As conversas entre o governo fluminense e o Planalto haviam cessado desde que Witzel e o presidente Jair Bolsonaro passaram a brigar publicamente, há pouco menos de um ano. O motivo foi a pretensão de Witzel ser candidato a presidente em 2022.
Ontem, no Twitter, Castro anunciou a reaproximação. "Recebi agora há pouco uma ligação do senador Flávio Bolsonaro, que se colocou à disposição para ajudar o Estado na renovação do Regime de Recuperação Fiscal. Diálogo! Todos pelo Rio!", escreveu.
Recebi agora há pouco uma ligação do senador @FlavioBolsonaro, que se colocou à disposição para ajudar o Estado do Rio de Janeiro na renovação do Regime de Recuperação Fiscal. Diálogo! Todos pelo Rio!
— Cláudio Castro (@claudiocastroRJ) August 31, 2020
O plano de recuperação do Rio completa três anos no próximo dia 5, e o governo fluminense luta para se manter no regime. Pelas regras, o Estado faz um plano de recuperação com uma série de medidas de ajuste fiscal, como elevação da contribuição previdenciária dos servidores. Em troca, o pagamento das dívidas com a União, ou garantidas por ela, é suspenso. O tema era tratado pelo secretário da Fazenda, Guilherme Mercês, sem a participação direta de Witzel.
Em nota, Flávio afirmou que o governador afastado "estava se recusando a reconhecer que o Rio não fez o dever de casa". "Parece que o Cláudio vai adotar outra postura, mais humilde, realista e colaborativa", disse.
Estancar as investigações sobre as "rachadinhas" não atenderia apenas à família Bolsonaro. No relatório inicial do Conselho de Controle de Atividades Financeiras (Coaf), 22 deputados estaduais tiveram movimentações atípicas identificadas e encaminhadas ao MP. Alguns casos já foram arquivados e um virou denúncia: o do deputado Márcio Pacheco (PSC), do partido de Witzel e Castro. O governador em exercício também foi alvo de mandado de busca e apreensão na última sexta-feira, mesmo dia em que Witzel foi afastado do governo.

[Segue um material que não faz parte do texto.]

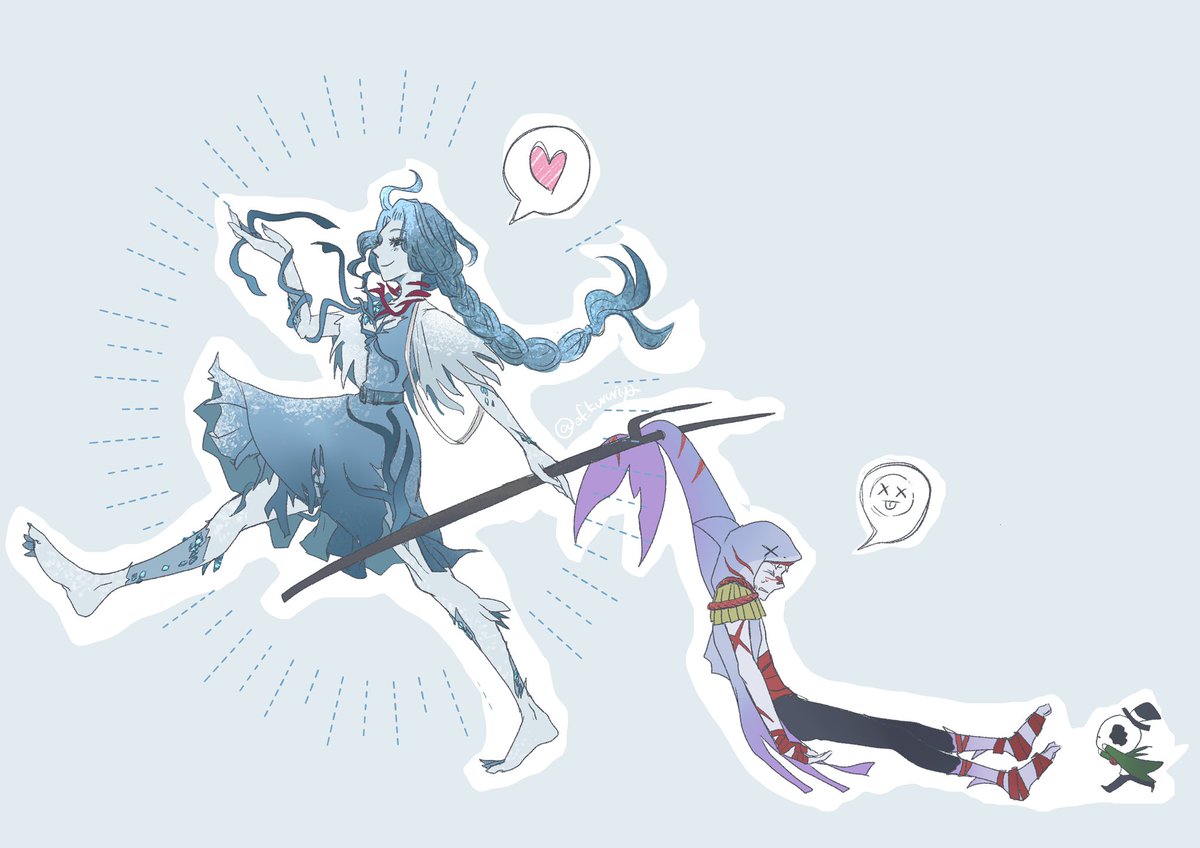 第五人格 本日の夕食をゲットした新ハンターグレイスちゃんとサメダーとミニリパちゃん 第 くるりや夏バテ中のイラスト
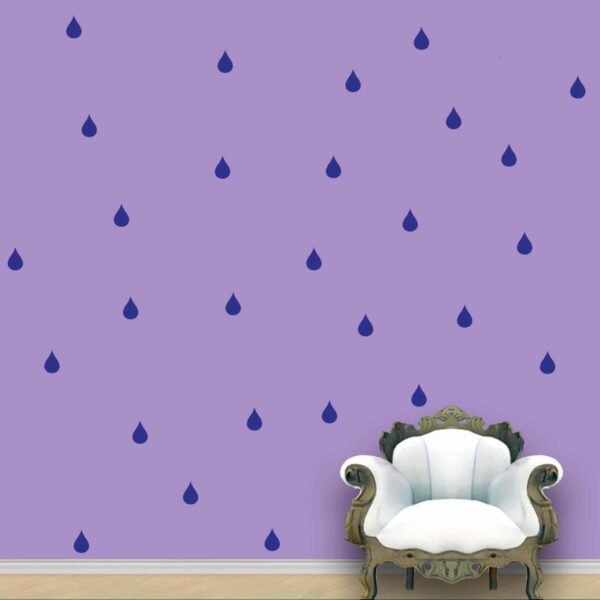 Rain Drops Wall Pattern Blue Prussian Stickers Set of 84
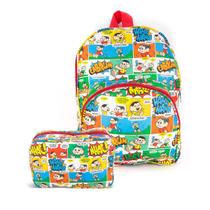 Kit Mochila Infantil e Necessaire Turma da Mônica Quadrinhos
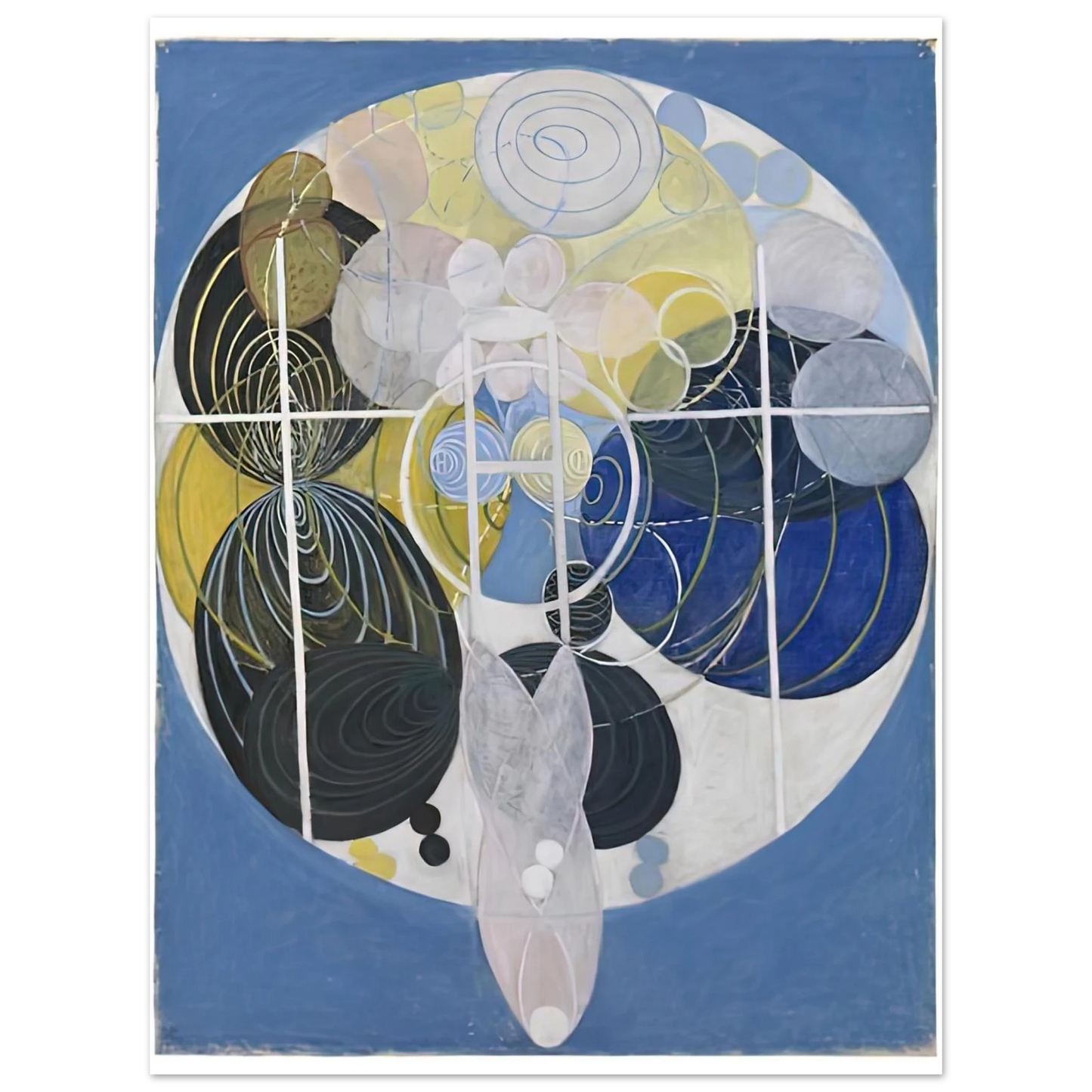 Hilma af Klint - THE LARGE FIGURE PAINTINGS NR 5 1907 Wall art - 28x43  cm / XL (11x17 inches) - Premium Wooden Framed Poster With Fine Art Paper-canvas - Black frame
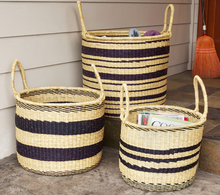 Load image into Gallery viewer, 3 Handwoven Striped Elephant Grass Nesting Baskets, Fair Trade, Eco-Friendly - Give Back Goods
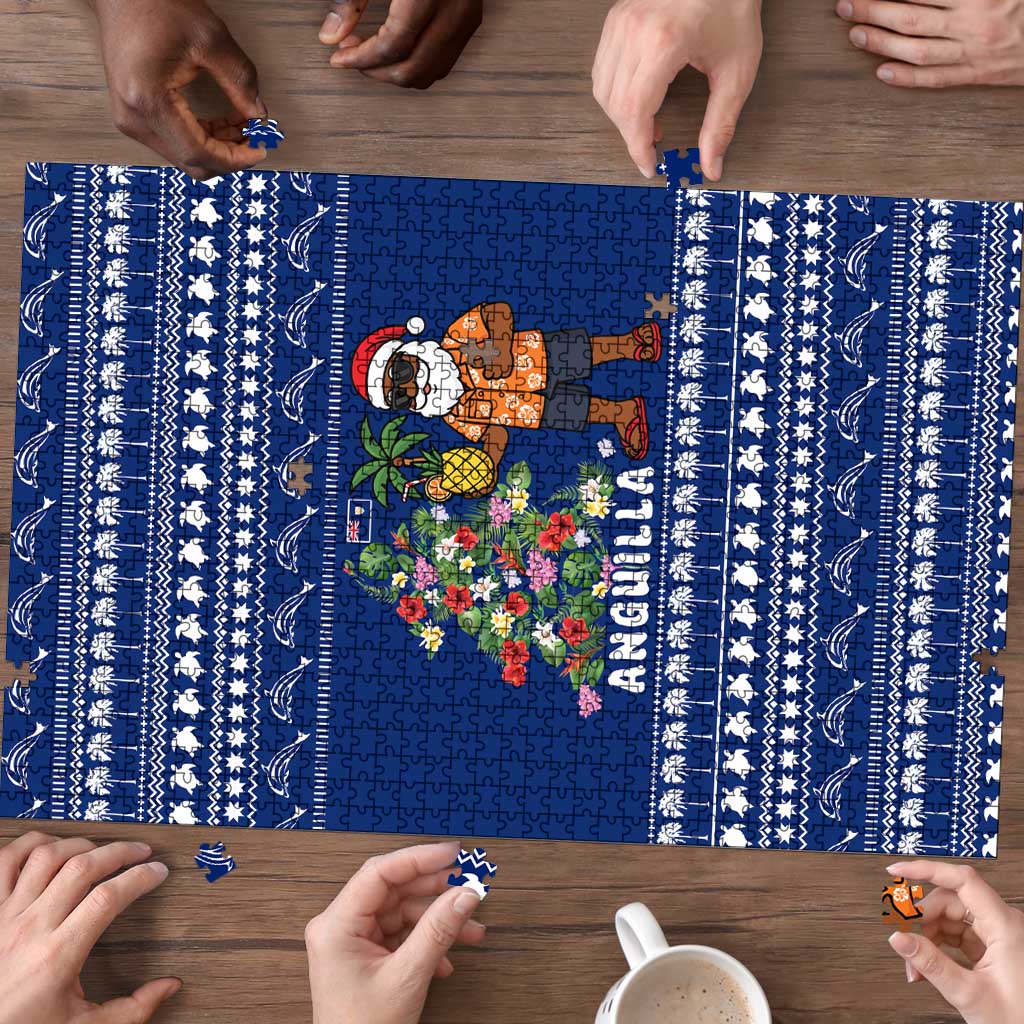 Anguilla Christmas Puzzle with Santa Pineapple Floral Tree Island Crest and Tropical Pattern Design - Wonder Print Shop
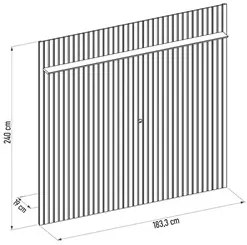 Painel para TV 65 Polegadas Ripado 183x240cm Pratisk D04 Freijó - Mpoz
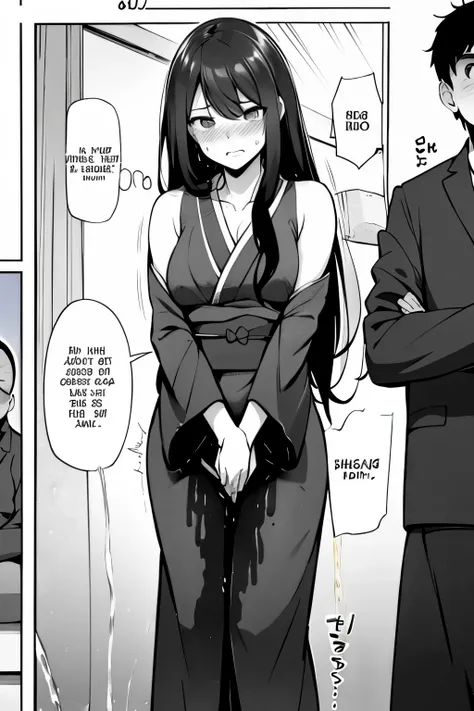 A woman with very long (black hair:1.5), wearing a floral-print kimono, stands in a (monochrome:1.25) setting. The artwork is inspired by manga and incorporates a doujin style. The woman appears to be (wetting herself:1.5), which causes her to feel embarra...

Enquanto estiver como interino, Castro não deve promover mudanças expressivas na estrutura do governo. Ontem, após reunião com o secretariado, ele determinou a suspensão de todos os pagamentos, processos de compras e contratações com fornecedores do Estado para os próximos dez dias. Ele também definiu a criação de um "Comitê de Programação das Despesas Públicas", que vai analisar todos os gastos com valores iguais ou superiores a R$ 1,8 milhão.
Ontem, em entrevista à CNN, Witzel disse que Castro está "fazendo o papel dele" ao tentar se aproximar do Planalto. "Sempre estive à disposição do Governo Federal, nunca fechei as portas." Witzel também afirmou que não tinha a intenção de disputar a Presidência em 2022, contrariando declarações anteriores. "Meu objetivo era seguir junto e formarmos uma nova liderança política no País."
Na entrevista, ele afirmou que nomeou até dois secretários por indicação de Flávio. O senador retrucou, pelo Twitter, dizendo que não pediu nenhum espaço no governo estadual: "Além de traidor e psicopata, (Witzel) é mentiroso!"
Após apresentar o recurso no Supremo, o governador afastado tem até amanhã para apresentar sua defesa à comissão especial do impeachment da Alerj.